The new lizard in town

The new lizard in town

A new foreign talent has settled at Marina Bay: a small brown lizard called a brown anole from the Caribbean.

The pencil-length reptiles are likely to have arrived on shipments of plants for Gardens by the Bay, said researchers who first observed these lizards sunning themselves and courting potential mates there last October.

But will brown anoles cause trouble for native species? The National Parks Board (NParks) is monitoring them to see what their impact on other creatures and plants might be.

Raffles Museum of Biodiversity Research scientific officer Tammy Lim, 25, was at Gardens by the Bay last October waiting for colleagues for an outing when she saw a brown anole and snapped a photo of it, before seeing others nearby.

She had never seen one before so she showed the photo to a colleague, lecturer Tan Heok Hui. "Uh oh," he said. "We might have a new introduced species."

The brown anole is a native of Caribbean islands including Cuba and the Bahamas. It likes warm, open grassy areas and the lower parts of trees and shrubs. It is active during the day and usually dines on insects and even other lizards.

In a short write-up in the museum's journal Nature in Singapore, Dr Tan and colleague Kelvin Lim suggested that they could have come here on plants from their native habitat or other places they have settled in, including Florida or Taiwan.
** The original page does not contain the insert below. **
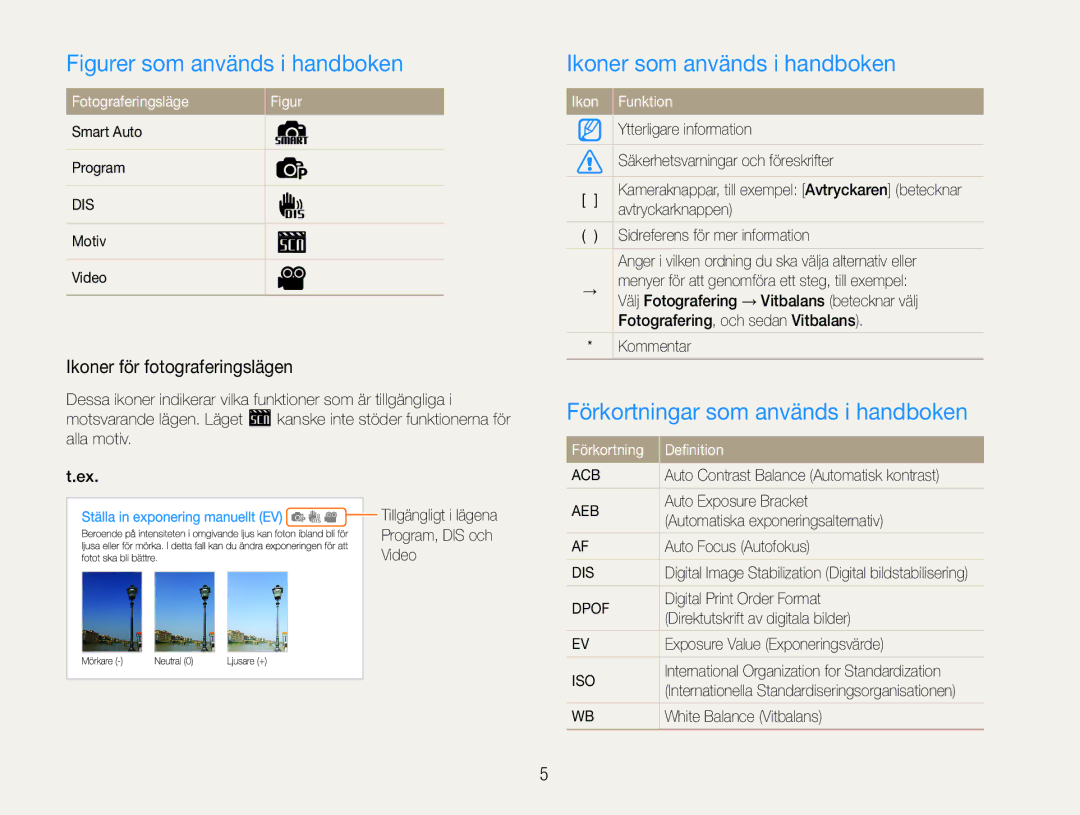 Samsung EC-ES9ZZZBABE2, EC-ES9ZZZBAPE2 manual Ikoner som används i handboken, Förkortningar som används i handboken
In Florida, brown anoles prey on the hatchlings of native green anoles and in Taiwan, they have altered betel-palm plantation ecology by preying on ants there.

The scientists say the brown anoles will probably prefer open scrubland to the forests of the Central Catchment Nature Reserve here, keeping them out of the way of native forest lizards and skinks.

"The anoles provide interesting diurnal (daytime) activity to the gardens, and can probably be tolerated," they wrote. The population could probably be restricted to Marina Bay by erecting barriers and making sure lizards do not hitch a ride out of the gardens on plant debris.

NParks said it is keeping tabs on the brown anoles at Marina Bay. "The National Parks Board is aware of the presence of the brown anole, Norops sagrei, in Gardens by the Bay," said National Biodiversity Centre director Lena Chan.

National University of Singapore biodiversity researcher David Bickford and his students are conducting a study on whether brown anoles will affect native species. This should be finished in nine months' time.

"This scientific study will enable us to have a better understanding of the species and take appropriate measures, if necessary," Dr Chan added.

Another lizard that has settled down here since the 1980s is the changeable lizard, a native of southwest Asia which appears to be competing with native green-crested lizards for territory.